Wednesday, October 23, 2013

Holy Schnitzel

Note - Frankfurt coverage from Molly, Berlin from Joe, hence the multi-author viewpoints below.

The Best of the Wurst

After stuffing ourselves with breakfast in Interlaken, we were headed for our homeland. We found our apartment with relative ease and met our host, a sweet German lady who was actually Spanish, which made communicating much easier when her English and our German faltered. We dropped our stuff and walked to Berger Strasse, a mostly pedestrian street with tons of stores and restaurants, and passed through a park and fancy Chinese garden along the way. While looking for our already chosen dinner spot, I spotted a window front from across the street that was labeled The Donut People. Immediately interested, I then noticed a man standing out front holding a tray and realized that they were handing out donut samples. Major score. We each grabbed a sample and determined that we had to buy some for the next morning (I went with macchiato, Joe got cookies and cream).

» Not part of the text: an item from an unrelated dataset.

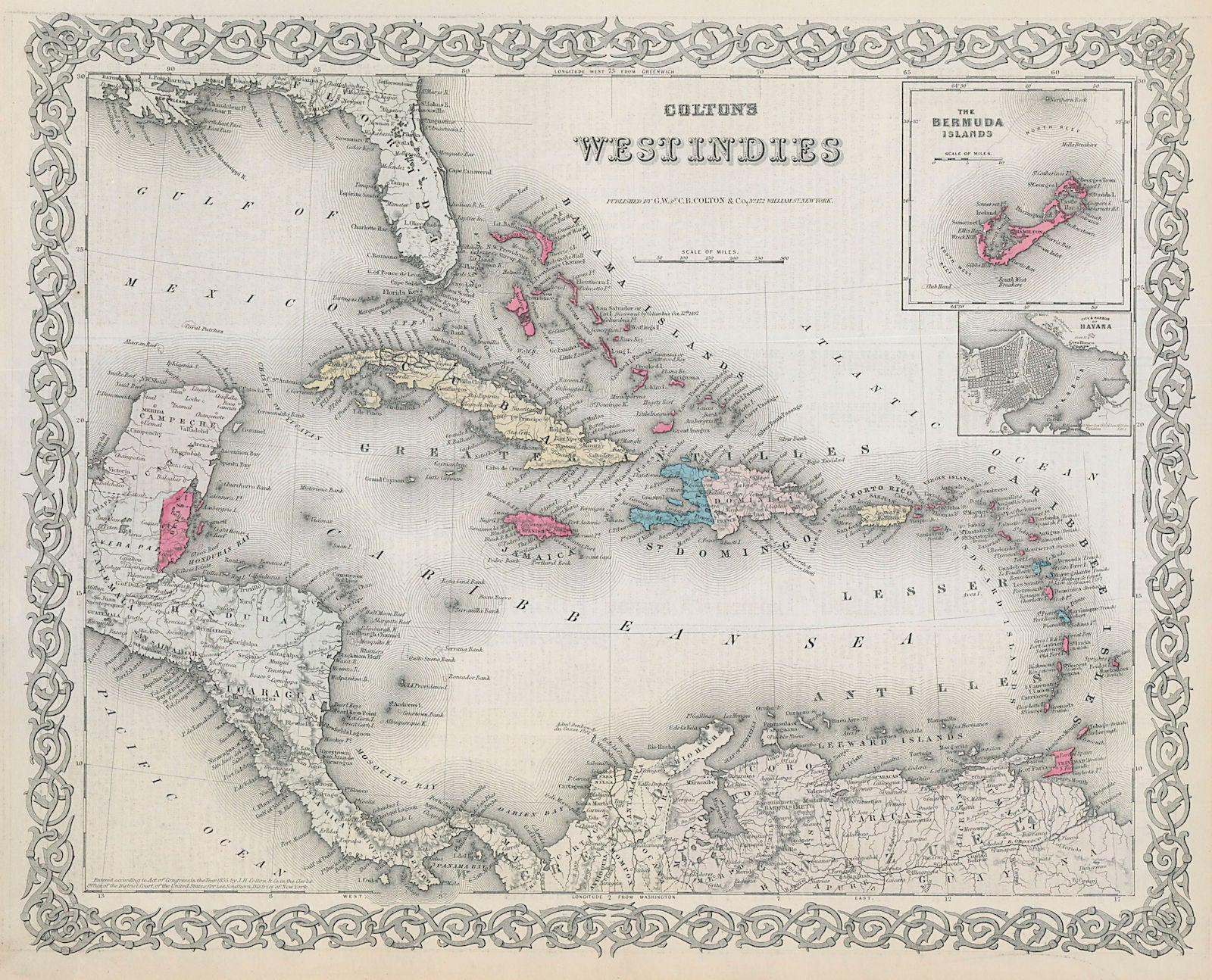 Colton's West Indies. Bermuda & Havana. Caribbean Antilles 1869 old map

In our donut excitement, we had passed the wurst stand we were looking for so we backtracked a bit to BestWurst, a locally renowned place with five varying levels of heat ranging from mild to expletive hot. I ordered a simple bratwurst and Joe ordered a double wurst combo with tier three heat, both with fries. The lady taking our order seemed concerned that an American was getting this and warned Joe to take it easy and to stop eating if his fingers or face felt numb. Just what you want to hear when getting dinner. I could smell the spice from across the table and Joe made it through the wurst unscathed, although there were a number of tears and nose blows to accompany the meal. Full of the best wurst (this oxymoron never gets old), we walked to the end of Berger Strasse to the Solzer beer garden that served apfelwein, a local drink that tastes basically like still cider. We ordered two bembels, small clay jugs that are specifically for serving apfelwein, and played card games until we were sufficiently tipsy for the walk home.

One spicy wurst.
We daydream about apfelwein bembels.
An original stop-motion puppet from
the Nightmare Before Christmas in the film museum.
The next morning, we ate our delicious donuts and took it easy for a bit as I had an apfelwein headache and needed a little extra time before we set out into the city. Our host graciously let us borrow her and her husband's bikes, which were perfect for cruising around bike friendly Frankfurt. We crossed the river and started the day at the Deutsches Filmmuseum, a small but extensive museum that chronicled the history of cinema from the beginning, ending in a well-edited sequence of famous movies that were organized by feature and subject (sound, lighting, costumes, cinematography, etc.).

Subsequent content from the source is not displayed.